— Required action —
In the records below, find the line that contains "If you're trying" and the line that contains "Horizontal defines the"; write out exactly those two lines and everything between them, without the pictures.

— Dataset records —
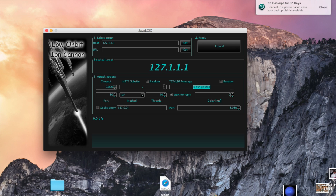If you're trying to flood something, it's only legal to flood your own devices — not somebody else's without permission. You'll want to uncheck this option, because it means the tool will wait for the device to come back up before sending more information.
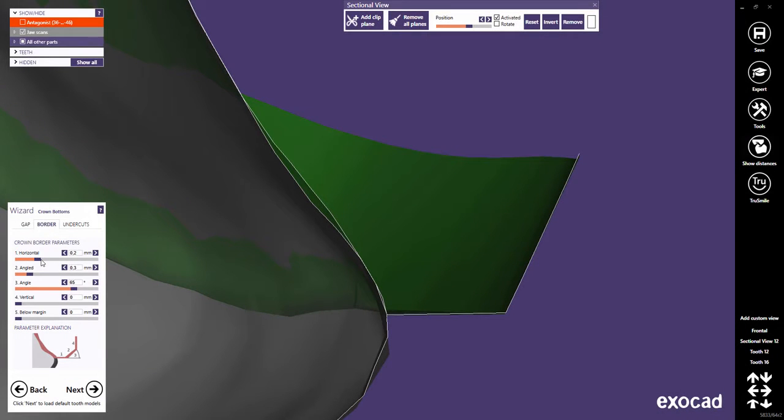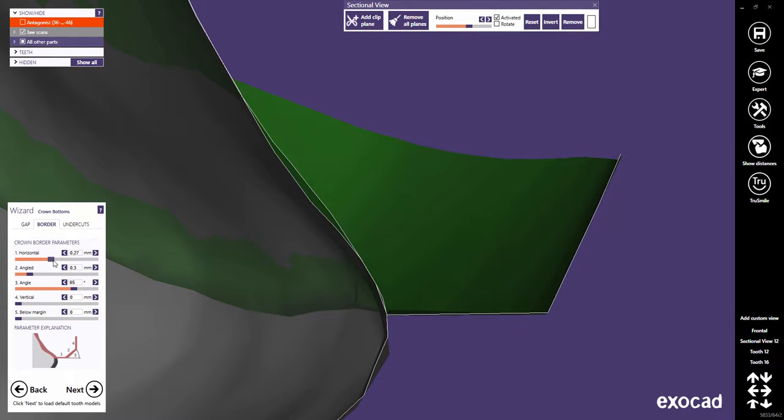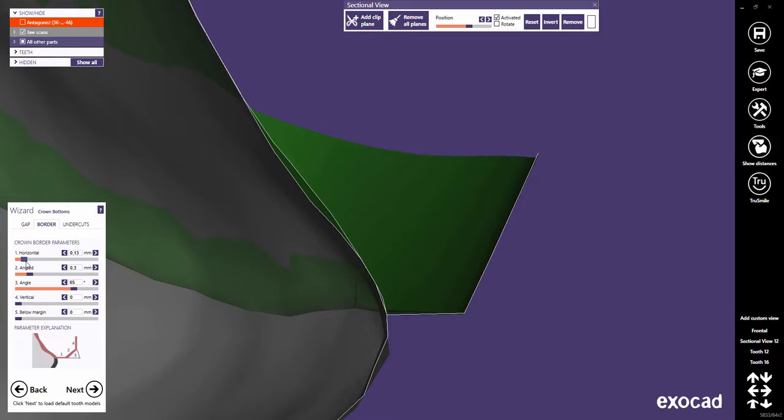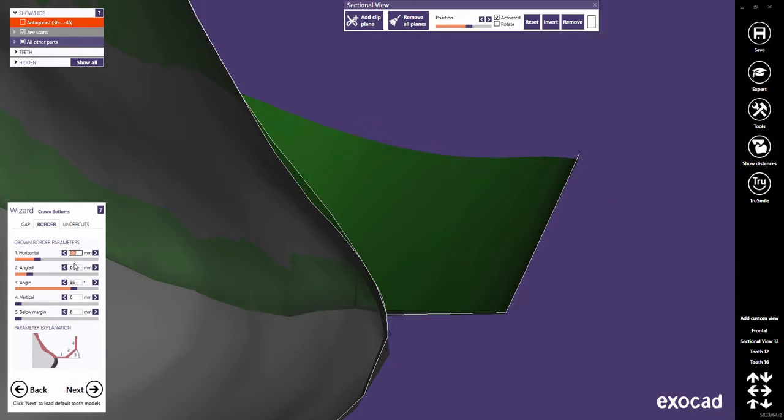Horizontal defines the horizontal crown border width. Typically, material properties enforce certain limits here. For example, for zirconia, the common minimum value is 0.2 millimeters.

--

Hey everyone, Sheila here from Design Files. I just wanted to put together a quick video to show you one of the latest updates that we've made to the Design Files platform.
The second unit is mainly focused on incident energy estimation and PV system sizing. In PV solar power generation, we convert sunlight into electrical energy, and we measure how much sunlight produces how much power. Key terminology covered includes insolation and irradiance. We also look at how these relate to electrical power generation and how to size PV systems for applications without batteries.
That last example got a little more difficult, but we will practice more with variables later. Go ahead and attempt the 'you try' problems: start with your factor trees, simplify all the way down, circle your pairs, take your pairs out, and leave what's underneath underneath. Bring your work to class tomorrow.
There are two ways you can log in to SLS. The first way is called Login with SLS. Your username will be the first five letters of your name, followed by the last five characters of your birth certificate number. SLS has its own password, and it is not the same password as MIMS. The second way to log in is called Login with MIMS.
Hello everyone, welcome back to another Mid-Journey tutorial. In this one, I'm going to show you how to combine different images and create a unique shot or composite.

— Solution for this task —
If you're trying to flood something, it's only legal to flood your own devices — not somebody else's without permission. You'll want to uncheck this option, because it means the tool will wait for the device to come back up before sending more information.
Horizontal defines the horizontal crown border width. Typically, material properties enforce certain limits here. For example, for zirconia, the common minimum value is 0.2 millimeters.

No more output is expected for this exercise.